This picture is looking down Market Street towards the junction with Factory Road, where the Swan Centre stands today. John Morris ran a sweet shop, on the left, at no 78 from before 1907 until 1920, when it became J. Morris & Son, and continued to trade as a sweet shop under this name, until the mid-1960s.
Dear Brothers at 65 Market Street were pork butchers from at least 1907 until 1920. They also had a slaughterhouse in Factory Road. George Frampton traded as an herbalist and is recorded as being at 67 Market street from 1907. John Johnson was a fishmonger at no 69 until the mid-1930s. All of these buildings and business were demolished when the Tesco Supermarket was built in the 1970s.
This picture taken in Market Street is where Tesco’s in the Swan Centre is today.
The Pink family ran a number of businesses in the early days of Eastleigh in grocery and confectionary. This is one of their sweet shops on the corner of Market Street and Factory Road, now part of the Swan Centre.

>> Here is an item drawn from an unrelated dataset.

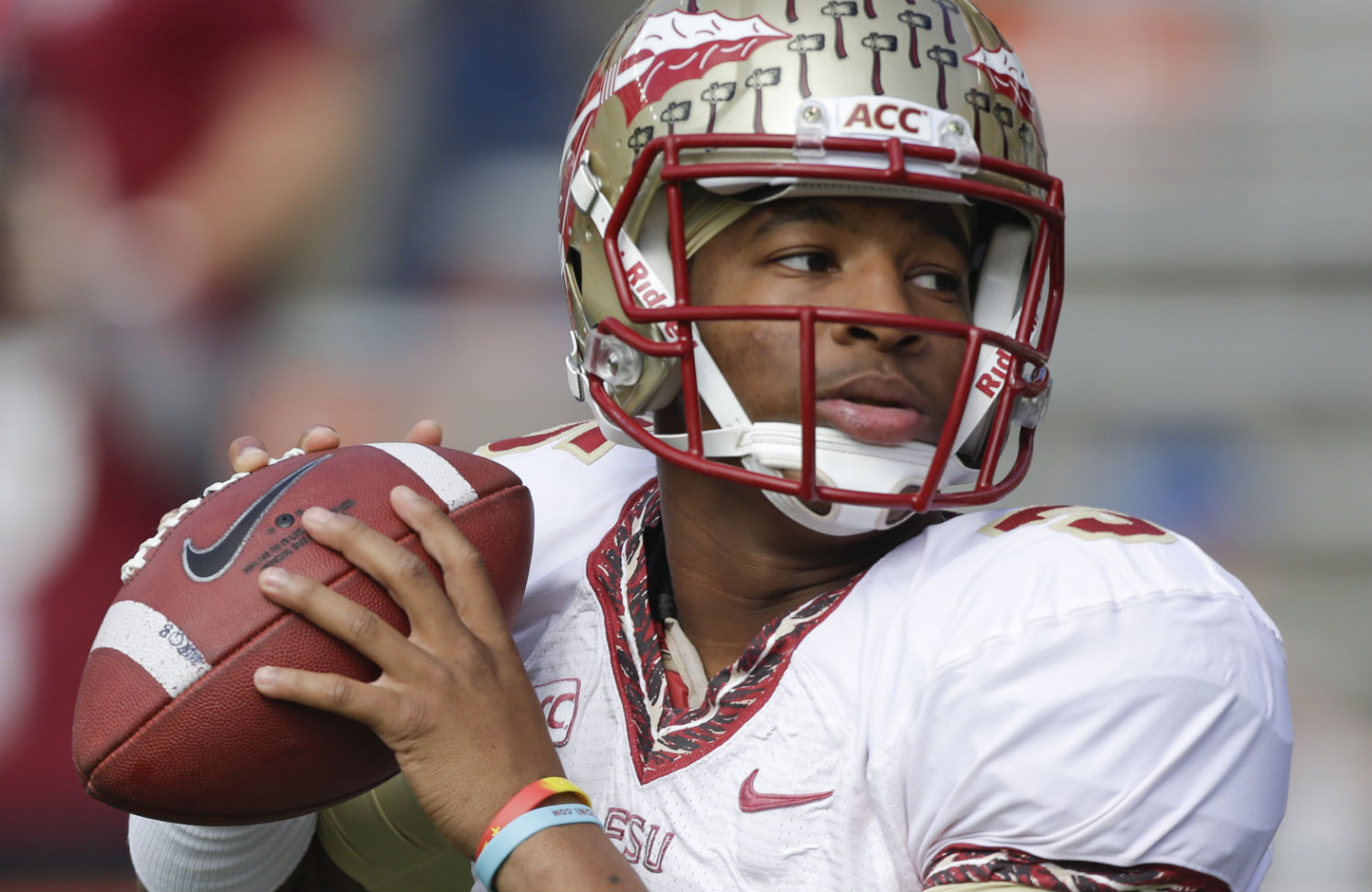 Jameis Winston’s Peculiar Kind of Privilege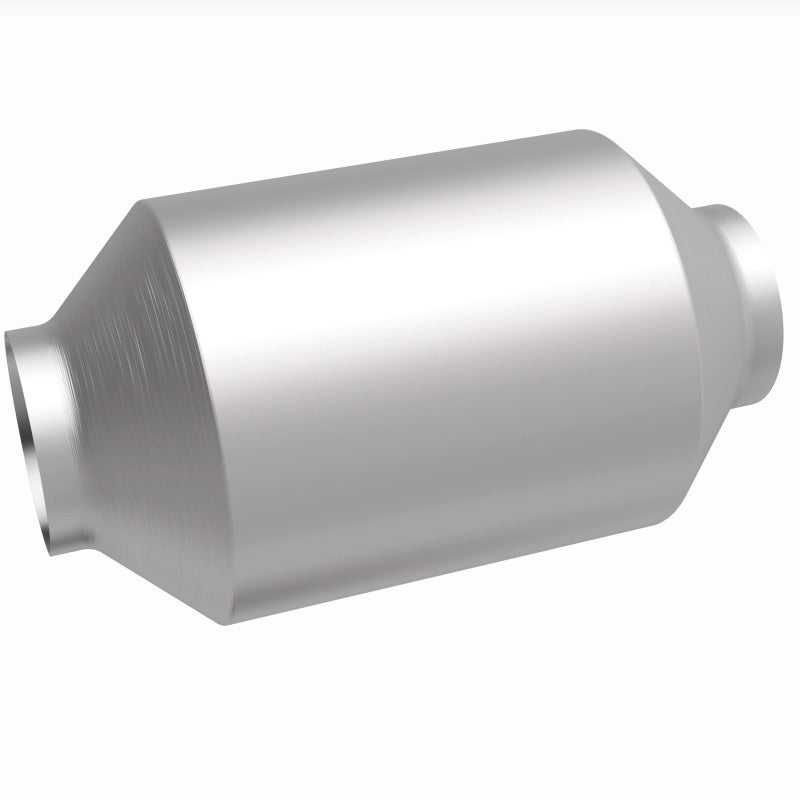 MagnaFlow Universal Catalytic Converter 2.5in Spun CA Magnaflow Catalytic Converter Universal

James Butler’s Ironmongers store stood at 119 and 121 Market Street, on the corner of Blenheim Road in 1907. Today the Salvation Army Church in Blenheim Road stands near this location. You can see The Chamberlayne Arms in the background. It was a puzzle for me to understand why this significant sized shop was not recorded as trading between 1907 and 1948.
A clue, and also confusion is evident from this picture taken in May 1909.The photographer has titled the picture “Marshes Stores, Market Street”, yet the profile of the houses and particularly the chimneys indicate that these are the premises where Butler’s Ironmongers had stood. The distinctive outline of the Chamberlayne Arms can be seen on the far right. So, the immediate assumption is that the photographer wrongly titled the picture. It could be seen as an easy mistake because on the opposite corner of Market Street and Blenheim Road in 1909 was Marshes Stores which can be seen in the next picture.
In 1907, at 158 Market Street was a Drapers Shop run by T. Davies when this picture was taken. According to the sign it was known as the Cheapside Bazaar. By 1912 this shop is recorded as a furniture shop called Marshes Stores and it continued to trade as a furniture shop, under a succession of owners until the late 1960s, when all the houses in this picture were demolished to make way for Tesco which was later incorporated within the Swan Centre.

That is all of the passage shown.